Every line from the one with "Vamos Tile Long" up to and including the one with "CONJUNTO C/ 6" is to be output exactly as it appears below; pictures are not.

*Given entries*
= Beginning of Section =
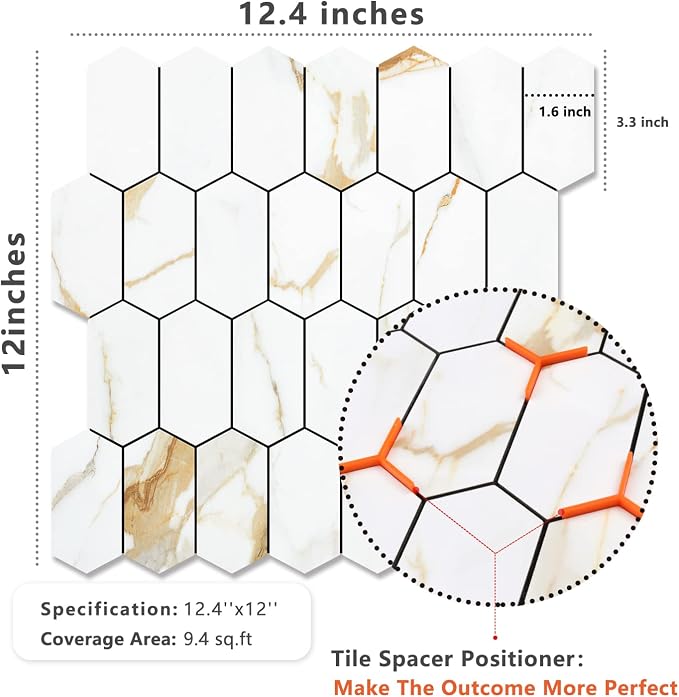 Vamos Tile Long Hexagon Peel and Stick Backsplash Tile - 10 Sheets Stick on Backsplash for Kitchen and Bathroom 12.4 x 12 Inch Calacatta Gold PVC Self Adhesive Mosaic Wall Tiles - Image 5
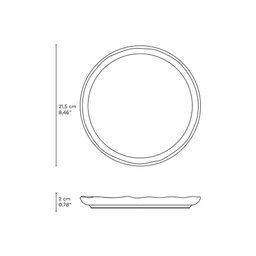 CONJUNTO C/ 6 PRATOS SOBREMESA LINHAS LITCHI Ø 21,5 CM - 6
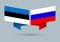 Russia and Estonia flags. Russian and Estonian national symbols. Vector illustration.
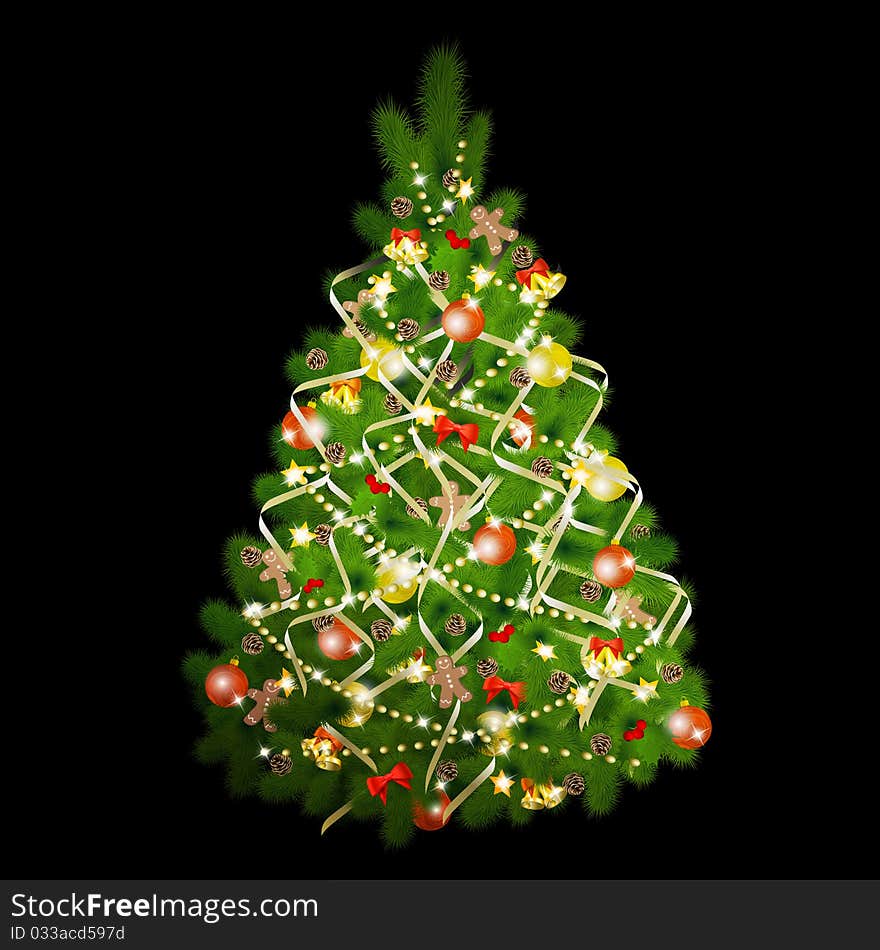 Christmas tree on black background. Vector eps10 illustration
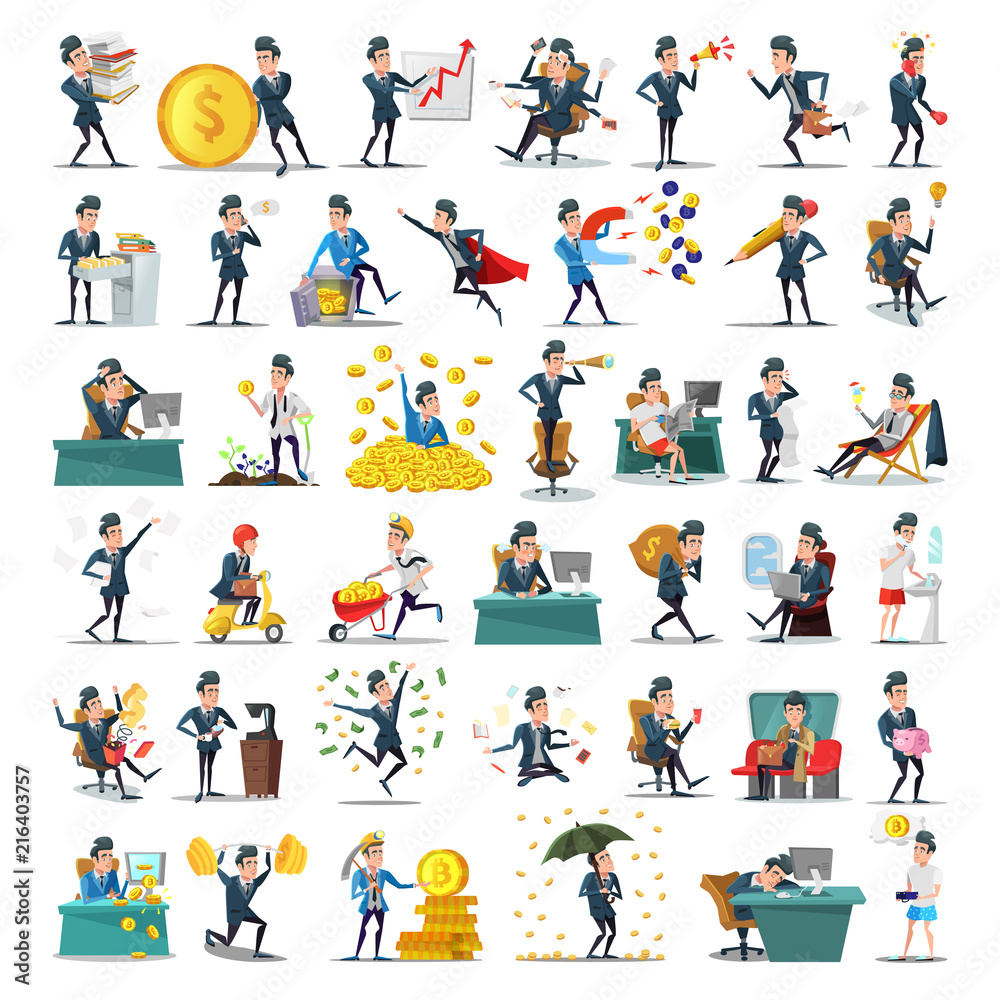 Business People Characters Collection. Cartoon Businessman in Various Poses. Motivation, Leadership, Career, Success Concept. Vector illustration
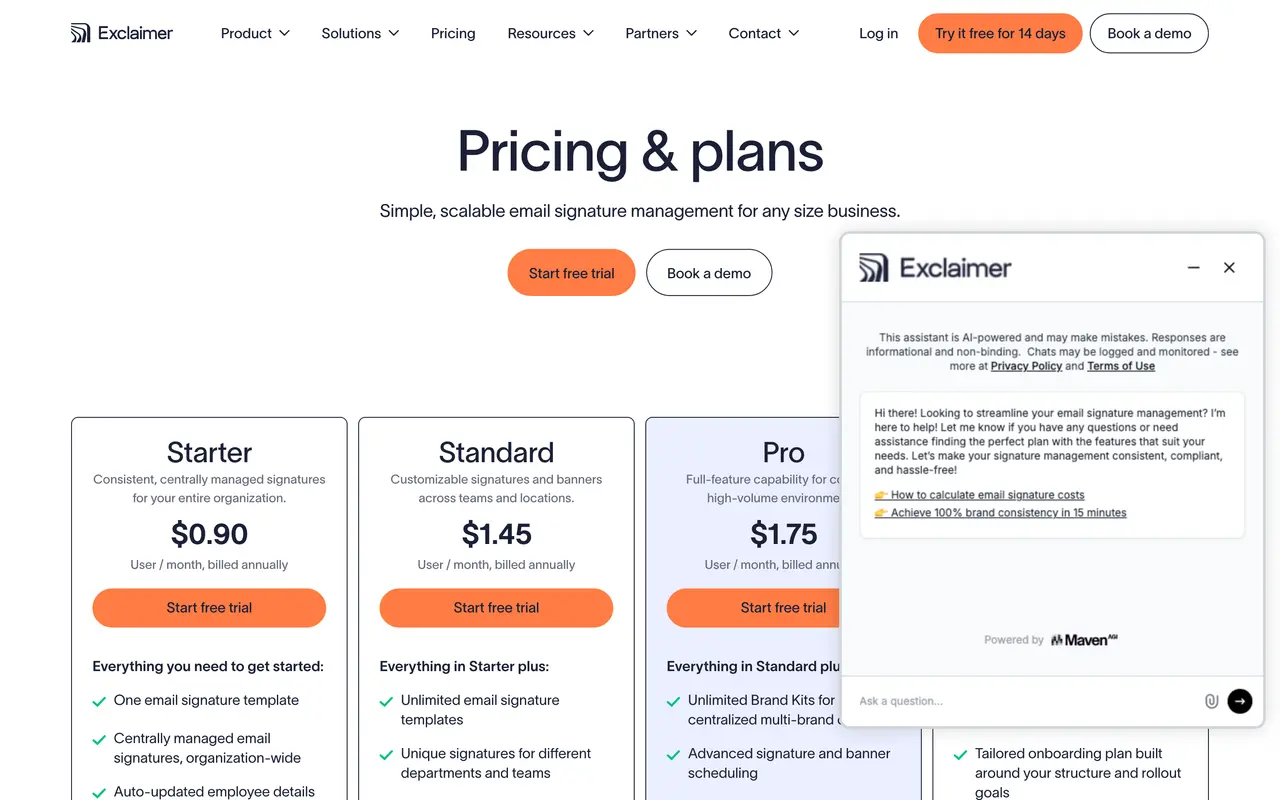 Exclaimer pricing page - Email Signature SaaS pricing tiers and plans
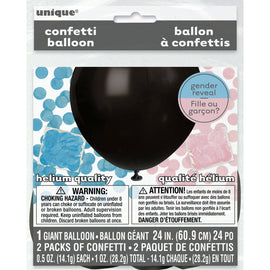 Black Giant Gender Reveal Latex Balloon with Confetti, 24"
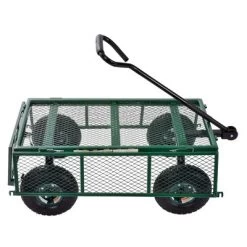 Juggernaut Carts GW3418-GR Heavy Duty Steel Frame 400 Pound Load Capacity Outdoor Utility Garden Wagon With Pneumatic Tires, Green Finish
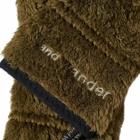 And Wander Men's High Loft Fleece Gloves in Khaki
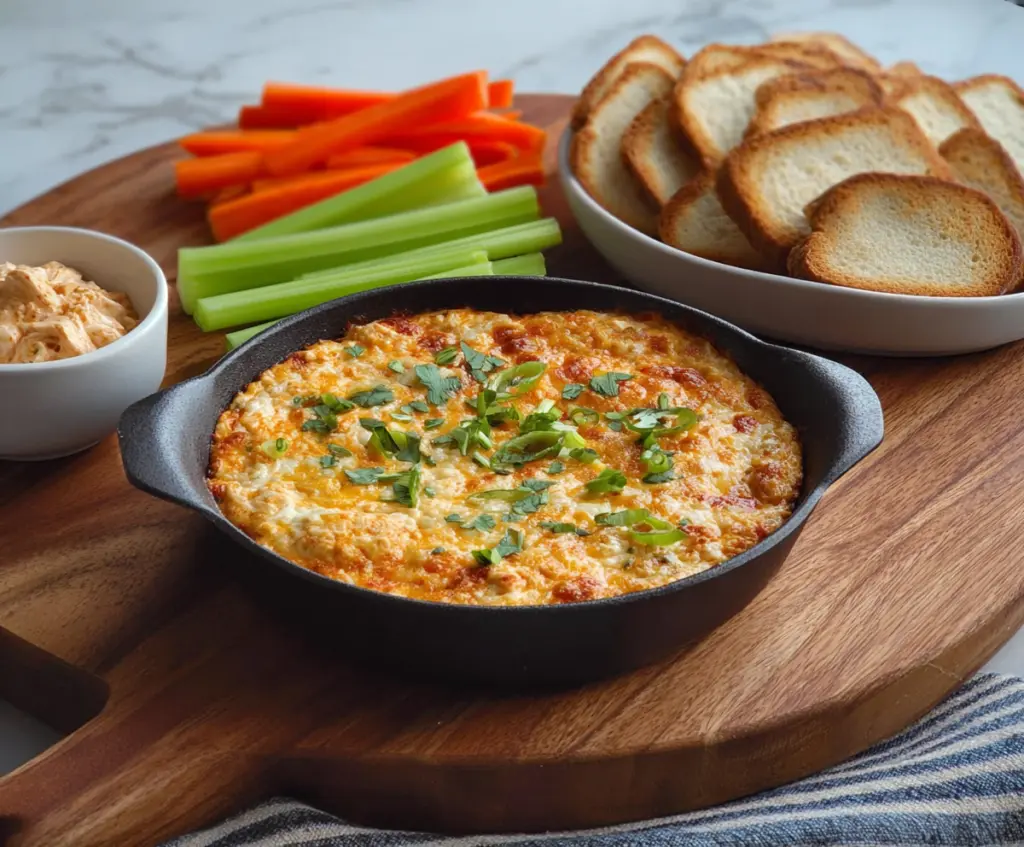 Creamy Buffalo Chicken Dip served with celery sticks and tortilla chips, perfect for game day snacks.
= End of Section =
= Beginning of Section =
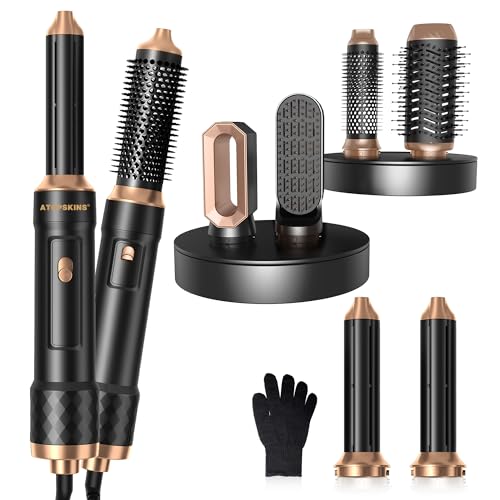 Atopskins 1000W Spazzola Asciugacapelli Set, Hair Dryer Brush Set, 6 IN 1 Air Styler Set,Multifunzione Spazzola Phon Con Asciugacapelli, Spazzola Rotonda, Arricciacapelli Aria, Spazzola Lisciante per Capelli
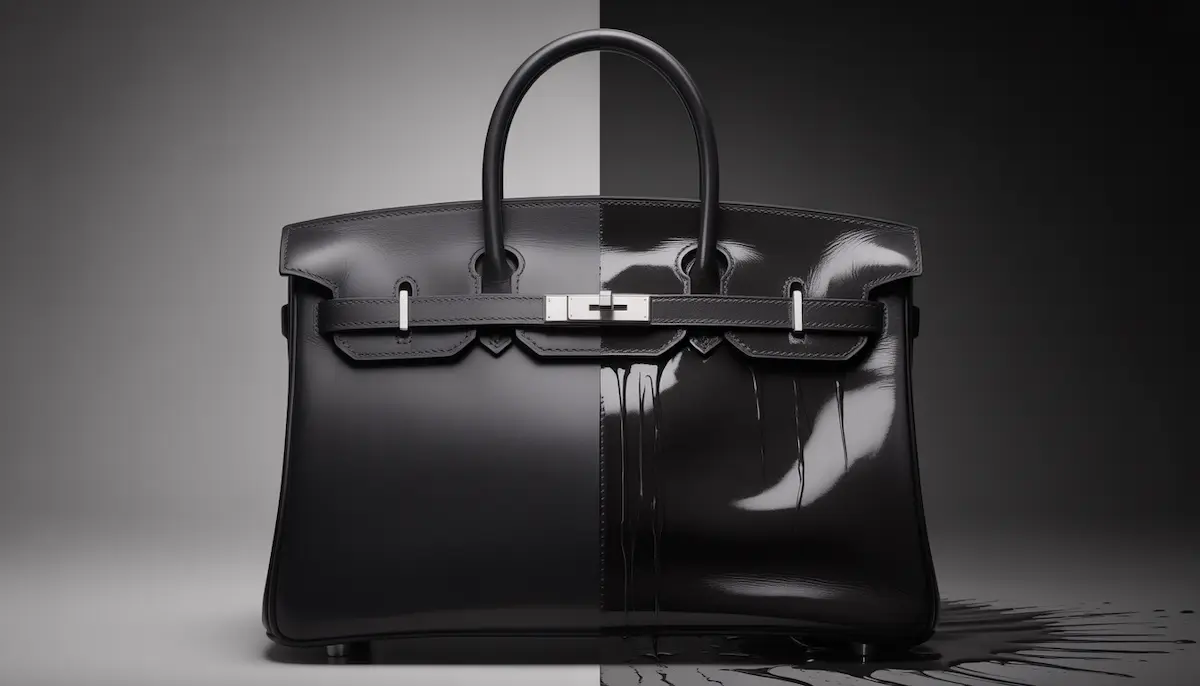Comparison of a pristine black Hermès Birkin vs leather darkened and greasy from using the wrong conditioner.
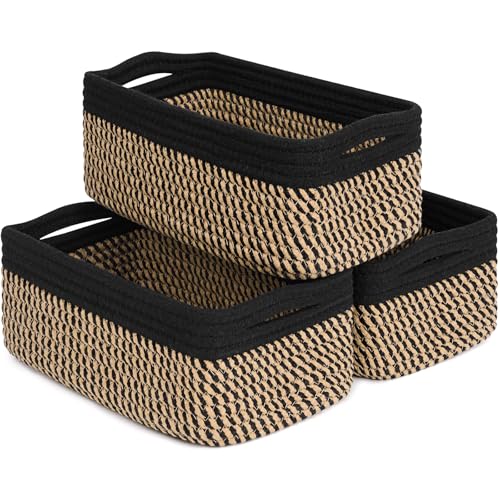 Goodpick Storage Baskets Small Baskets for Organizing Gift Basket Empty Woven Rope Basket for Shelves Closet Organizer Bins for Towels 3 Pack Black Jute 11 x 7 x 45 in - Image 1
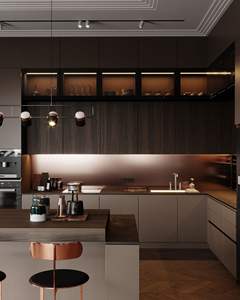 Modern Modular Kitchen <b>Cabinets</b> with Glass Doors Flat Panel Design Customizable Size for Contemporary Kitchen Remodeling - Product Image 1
= End of Section =
*Written answer*
 Vamos Tile Long Hexagon Peel and Stick Backsplash Tile - 10 Sheets Stick on Backsplash for Kitchen and Bathroom 12.4 x 12 Inch Calacatta Gold PVC Self Adhesive Mosaic Wall Tiles - Image 5
 CONJUNTO C/ 6 PRATOS SOBREMESA LINHAS LITCHI Ø 21,5 CM - 6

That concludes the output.